Aim of the task:
Write the listing below out again exactly, though only as far as the line with "Набережна річки Волги в Ярославській області", which is included.

Source records:

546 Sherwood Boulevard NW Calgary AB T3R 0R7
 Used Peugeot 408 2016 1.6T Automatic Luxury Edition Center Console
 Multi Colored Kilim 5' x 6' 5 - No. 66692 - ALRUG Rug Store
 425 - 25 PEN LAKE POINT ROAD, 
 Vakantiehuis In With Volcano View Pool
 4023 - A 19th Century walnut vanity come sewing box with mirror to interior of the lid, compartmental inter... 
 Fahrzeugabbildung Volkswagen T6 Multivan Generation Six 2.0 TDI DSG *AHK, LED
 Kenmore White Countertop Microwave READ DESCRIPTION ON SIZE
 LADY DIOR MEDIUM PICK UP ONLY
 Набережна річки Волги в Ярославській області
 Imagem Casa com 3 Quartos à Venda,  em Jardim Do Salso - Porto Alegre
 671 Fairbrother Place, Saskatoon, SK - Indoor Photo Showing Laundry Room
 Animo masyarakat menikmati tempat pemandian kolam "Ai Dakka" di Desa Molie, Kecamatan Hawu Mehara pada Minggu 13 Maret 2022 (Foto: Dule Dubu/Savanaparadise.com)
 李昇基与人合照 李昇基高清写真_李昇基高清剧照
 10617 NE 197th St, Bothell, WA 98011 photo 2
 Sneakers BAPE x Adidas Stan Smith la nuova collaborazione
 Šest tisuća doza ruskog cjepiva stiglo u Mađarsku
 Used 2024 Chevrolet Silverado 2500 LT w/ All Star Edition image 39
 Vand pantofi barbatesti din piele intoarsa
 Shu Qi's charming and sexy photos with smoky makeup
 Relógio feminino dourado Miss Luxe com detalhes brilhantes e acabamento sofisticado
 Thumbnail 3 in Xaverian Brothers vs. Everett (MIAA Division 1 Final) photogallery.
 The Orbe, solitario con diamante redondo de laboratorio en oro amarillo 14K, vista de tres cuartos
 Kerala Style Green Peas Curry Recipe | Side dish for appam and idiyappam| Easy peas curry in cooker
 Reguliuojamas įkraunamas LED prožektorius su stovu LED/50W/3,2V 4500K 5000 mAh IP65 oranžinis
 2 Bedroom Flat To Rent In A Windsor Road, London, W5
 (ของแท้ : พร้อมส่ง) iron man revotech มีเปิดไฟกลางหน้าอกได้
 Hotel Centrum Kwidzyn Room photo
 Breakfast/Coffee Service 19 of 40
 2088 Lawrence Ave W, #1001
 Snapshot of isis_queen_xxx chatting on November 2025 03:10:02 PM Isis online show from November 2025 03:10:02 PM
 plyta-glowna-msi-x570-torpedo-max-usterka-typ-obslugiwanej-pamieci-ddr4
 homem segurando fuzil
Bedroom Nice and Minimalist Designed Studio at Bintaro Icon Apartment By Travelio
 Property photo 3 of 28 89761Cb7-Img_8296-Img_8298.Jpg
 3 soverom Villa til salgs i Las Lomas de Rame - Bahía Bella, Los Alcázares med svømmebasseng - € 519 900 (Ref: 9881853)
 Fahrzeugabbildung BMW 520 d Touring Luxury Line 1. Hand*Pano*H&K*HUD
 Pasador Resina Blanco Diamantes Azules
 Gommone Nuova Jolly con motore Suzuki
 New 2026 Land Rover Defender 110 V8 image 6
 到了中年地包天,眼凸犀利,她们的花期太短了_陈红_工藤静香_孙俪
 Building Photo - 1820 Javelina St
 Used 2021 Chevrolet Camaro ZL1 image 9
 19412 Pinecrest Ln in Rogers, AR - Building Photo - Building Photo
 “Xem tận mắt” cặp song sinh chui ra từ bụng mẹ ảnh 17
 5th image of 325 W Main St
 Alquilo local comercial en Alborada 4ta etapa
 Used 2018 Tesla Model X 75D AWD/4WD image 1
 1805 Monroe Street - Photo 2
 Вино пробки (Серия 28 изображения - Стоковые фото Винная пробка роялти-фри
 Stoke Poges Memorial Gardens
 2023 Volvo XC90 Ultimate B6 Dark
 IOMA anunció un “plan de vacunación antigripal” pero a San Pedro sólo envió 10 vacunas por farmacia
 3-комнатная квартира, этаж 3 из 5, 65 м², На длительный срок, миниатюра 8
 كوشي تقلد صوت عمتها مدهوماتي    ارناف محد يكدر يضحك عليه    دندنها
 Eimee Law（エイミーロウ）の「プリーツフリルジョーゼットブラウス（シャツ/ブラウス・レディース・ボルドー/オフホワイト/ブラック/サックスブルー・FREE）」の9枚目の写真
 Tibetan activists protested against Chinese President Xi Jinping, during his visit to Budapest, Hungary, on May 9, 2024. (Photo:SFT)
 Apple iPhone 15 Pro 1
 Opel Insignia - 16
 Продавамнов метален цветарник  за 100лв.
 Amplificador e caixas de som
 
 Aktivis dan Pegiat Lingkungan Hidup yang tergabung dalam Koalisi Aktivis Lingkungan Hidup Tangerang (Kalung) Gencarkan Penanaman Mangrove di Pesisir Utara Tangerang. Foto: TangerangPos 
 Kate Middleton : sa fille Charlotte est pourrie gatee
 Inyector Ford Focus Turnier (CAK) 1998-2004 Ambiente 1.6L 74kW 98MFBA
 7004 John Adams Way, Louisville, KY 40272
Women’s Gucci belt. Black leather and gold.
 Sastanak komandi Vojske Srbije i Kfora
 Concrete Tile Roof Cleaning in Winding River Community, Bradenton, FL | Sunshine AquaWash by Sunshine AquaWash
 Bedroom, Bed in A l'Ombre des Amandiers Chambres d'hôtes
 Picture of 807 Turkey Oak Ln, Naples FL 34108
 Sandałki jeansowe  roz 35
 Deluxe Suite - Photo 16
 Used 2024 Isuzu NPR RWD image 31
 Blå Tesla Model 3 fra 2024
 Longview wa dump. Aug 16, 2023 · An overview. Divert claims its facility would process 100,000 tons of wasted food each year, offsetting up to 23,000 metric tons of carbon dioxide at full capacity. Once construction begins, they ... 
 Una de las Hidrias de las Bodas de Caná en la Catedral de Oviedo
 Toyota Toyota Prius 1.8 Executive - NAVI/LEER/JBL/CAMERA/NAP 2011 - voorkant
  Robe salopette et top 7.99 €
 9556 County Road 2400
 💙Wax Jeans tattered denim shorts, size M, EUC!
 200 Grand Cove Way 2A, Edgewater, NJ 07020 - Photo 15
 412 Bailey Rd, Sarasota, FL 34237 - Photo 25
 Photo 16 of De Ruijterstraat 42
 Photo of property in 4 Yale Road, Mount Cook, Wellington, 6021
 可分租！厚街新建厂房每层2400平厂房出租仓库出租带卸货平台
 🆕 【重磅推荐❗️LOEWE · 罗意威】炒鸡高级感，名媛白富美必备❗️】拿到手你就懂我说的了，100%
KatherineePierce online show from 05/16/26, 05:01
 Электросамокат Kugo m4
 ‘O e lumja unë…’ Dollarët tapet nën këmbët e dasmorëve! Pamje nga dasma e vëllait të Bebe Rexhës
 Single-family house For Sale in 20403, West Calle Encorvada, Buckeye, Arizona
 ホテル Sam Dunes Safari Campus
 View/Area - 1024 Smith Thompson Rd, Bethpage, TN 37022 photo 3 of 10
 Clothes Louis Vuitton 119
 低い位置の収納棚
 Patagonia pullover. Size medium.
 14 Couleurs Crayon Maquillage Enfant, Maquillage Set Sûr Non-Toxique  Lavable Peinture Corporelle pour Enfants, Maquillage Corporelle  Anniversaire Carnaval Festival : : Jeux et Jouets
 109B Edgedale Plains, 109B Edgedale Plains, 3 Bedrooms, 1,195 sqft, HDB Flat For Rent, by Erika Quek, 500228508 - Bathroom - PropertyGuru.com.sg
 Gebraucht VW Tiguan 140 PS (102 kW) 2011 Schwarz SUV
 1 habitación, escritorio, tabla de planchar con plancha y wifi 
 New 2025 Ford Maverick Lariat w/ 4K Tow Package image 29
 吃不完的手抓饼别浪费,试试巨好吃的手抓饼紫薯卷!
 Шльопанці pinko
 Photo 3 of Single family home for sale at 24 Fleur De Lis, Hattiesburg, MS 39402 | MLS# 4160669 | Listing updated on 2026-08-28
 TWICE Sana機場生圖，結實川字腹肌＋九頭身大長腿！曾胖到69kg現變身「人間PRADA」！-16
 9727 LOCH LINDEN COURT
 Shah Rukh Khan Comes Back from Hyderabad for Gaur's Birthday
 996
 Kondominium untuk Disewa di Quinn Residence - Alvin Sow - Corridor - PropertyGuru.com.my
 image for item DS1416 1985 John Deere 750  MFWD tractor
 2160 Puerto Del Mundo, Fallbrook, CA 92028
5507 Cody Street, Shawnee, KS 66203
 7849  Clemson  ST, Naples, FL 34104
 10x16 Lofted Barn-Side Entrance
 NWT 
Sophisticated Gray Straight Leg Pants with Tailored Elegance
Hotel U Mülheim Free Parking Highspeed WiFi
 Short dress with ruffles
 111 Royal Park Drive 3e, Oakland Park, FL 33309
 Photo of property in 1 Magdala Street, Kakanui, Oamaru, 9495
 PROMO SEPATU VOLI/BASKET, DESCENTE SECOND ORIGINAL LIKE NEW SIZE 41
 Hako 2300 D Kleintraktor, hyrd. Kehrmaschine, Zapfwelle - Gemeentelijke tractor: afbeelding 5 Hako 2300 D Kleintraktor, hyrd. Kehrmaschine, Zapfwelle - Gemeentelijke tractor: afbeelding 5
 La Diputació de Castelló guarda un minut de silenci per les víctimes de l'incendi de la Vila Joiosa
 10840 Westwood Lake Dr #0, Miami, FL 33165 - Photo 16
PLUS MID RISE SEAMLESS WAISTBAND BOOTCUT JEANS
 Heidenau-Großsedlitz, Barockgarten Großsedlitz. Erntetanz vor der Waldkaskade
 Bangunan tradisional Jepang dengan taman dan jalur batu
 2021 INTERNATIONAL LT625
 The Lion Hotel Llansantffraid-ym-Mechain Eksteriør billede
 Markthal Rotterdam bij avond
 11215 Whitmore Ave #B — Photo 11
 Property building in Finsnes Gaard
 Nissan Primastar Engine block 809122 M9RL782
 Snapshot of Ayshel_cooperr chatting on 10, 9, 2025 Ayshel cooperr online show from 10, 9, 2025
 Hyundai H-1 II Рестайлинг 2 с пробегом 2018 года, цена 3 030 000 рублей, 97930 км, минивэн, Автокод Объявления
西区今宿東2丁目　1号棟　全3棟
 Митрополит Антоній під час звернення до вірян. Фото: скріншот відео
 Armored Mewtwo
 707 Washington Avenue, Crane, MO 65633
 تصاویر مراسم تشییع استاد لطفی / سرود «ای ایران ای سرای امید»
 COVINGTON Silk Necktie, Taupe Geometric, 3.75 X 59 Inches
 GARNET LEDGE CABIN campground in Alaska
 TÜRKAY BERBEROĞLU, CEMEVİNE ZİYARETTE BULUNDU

Answer for the task:
546 Sherwood Boulevard NW Calgary AB T3R 0R7
 Used Peugeot 408 2016 1.6T Automatic Luxury Edition Center Console
 Multi Colored Kilim 5' x 6' 5 - No. 66692 - ALRUG Rug Store
 425 - 25 PEN LAKE POINT ROAD, 
 Vakantiehuis In With Volcano View Pool
 4023 - A 19th Century walnut vanity come sewing box with mirror to interior of the lid, compartmental inter... 
 Fahrzeugabbildung Volkswagen T6 Multivan Generation Six 2.0 TDI DSG *AHK, LED
 Kenmore White Countertop Microwave READ DESCRIPTION ON SIZE
 LADY DIOR MEDIUM PICK UP ONLY
 Набережна річки Волги в Ярославській області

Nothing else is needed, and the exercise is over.